No, just the want of happiness is not enough. The problem that faces all of us is finding our true wants and desires. We can reach, but when you know not what you are reaching for, it becomes impossible to grab. You remain under water, swimming desperately to the light beyond the waves at top. You see it. You know it is there. You move toward it. But it remains unfocused, unclear, and unknown. Yet it is there. And in your immediate present, as you swim to break through, is the growing fear and realization that drowning is imminent. But something within you senses that as soon as you break through, you will emerge through the water, that you will be a new person. Now you will have what you truly desire. Now you find your happiness and fulfillment. Now you are born again, revitalized with a new, clearer perspective of what truly matters.
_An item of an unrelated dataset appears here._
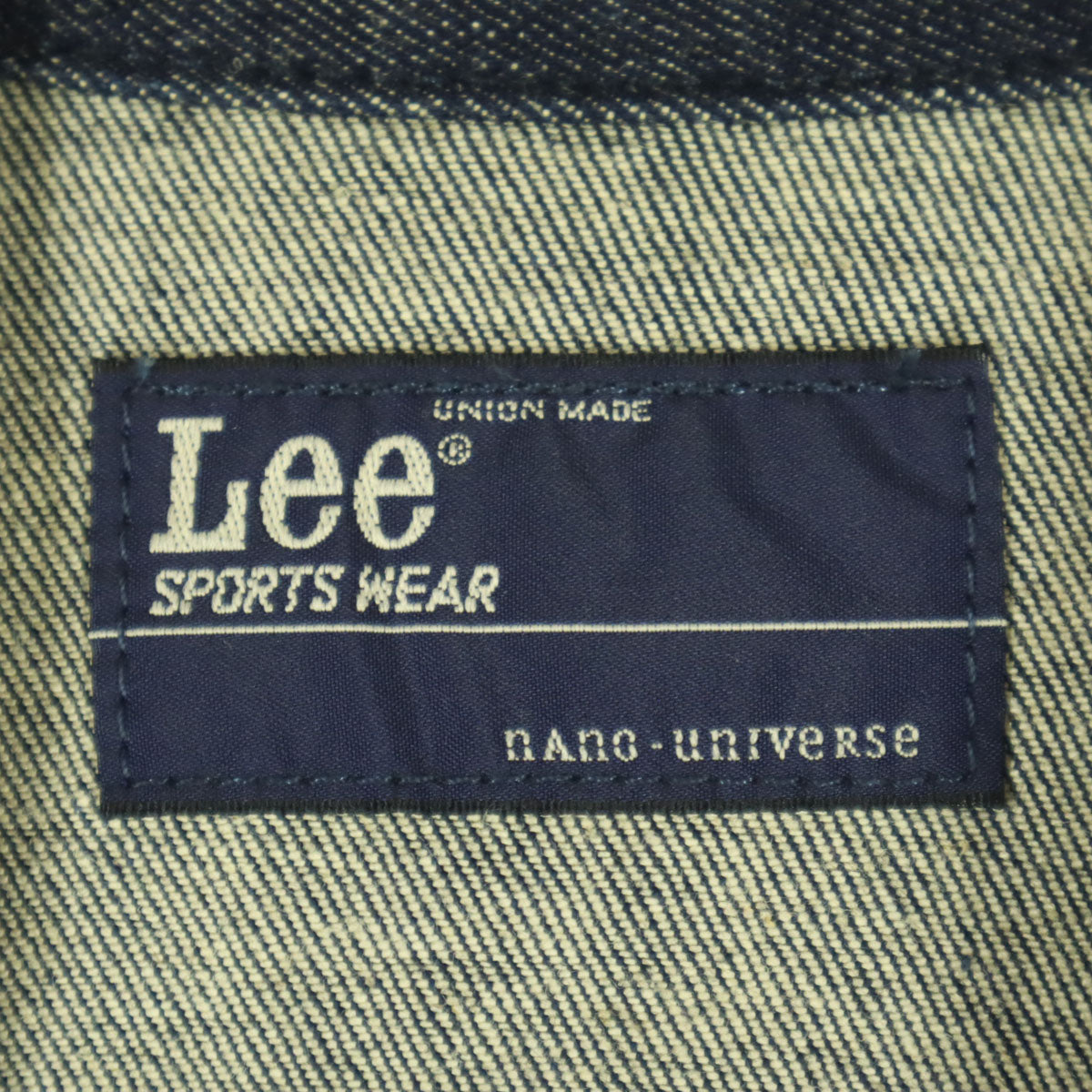 nano universe ナノユニバース Lee コラボ 長袖 デニム コーチジャケット L ブルー系 メンズ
But yet, everytime I think I have reached far enough, that I have found what I need, the waves come crashing back down and again, I sense only drowning. Drowning in the fact that I cannot be happy. Truly happy. I can smile, I can laugh, I can bleed joy. But then I take one step back to see only a fleeting moment. I do not like who I have become. It is meaningless. Completely meaningless. What is happiness? How do I fill up this abyss within? My desires are worthless. My wants in vain. Do I do what is best for me and me alone? Do I focus only on those around me and hope that by making other lives better that mine, in turn, will find a sense of peace and joy? Self-proclaiming or self-sacrificing? Which is it?

It is neither.


It is ignorance. Ignorance of those around you, of those problems that have no remedy. Ignorance of who you are and who you are capable of becoming. Ignorance of anything that may make a true difference. Ignorance of desires and of wants. The only truth you need will lie in a shallow puddle of the same rain that can fill an ocean.

If this ignorance is gone, than is happiness an impossible dream?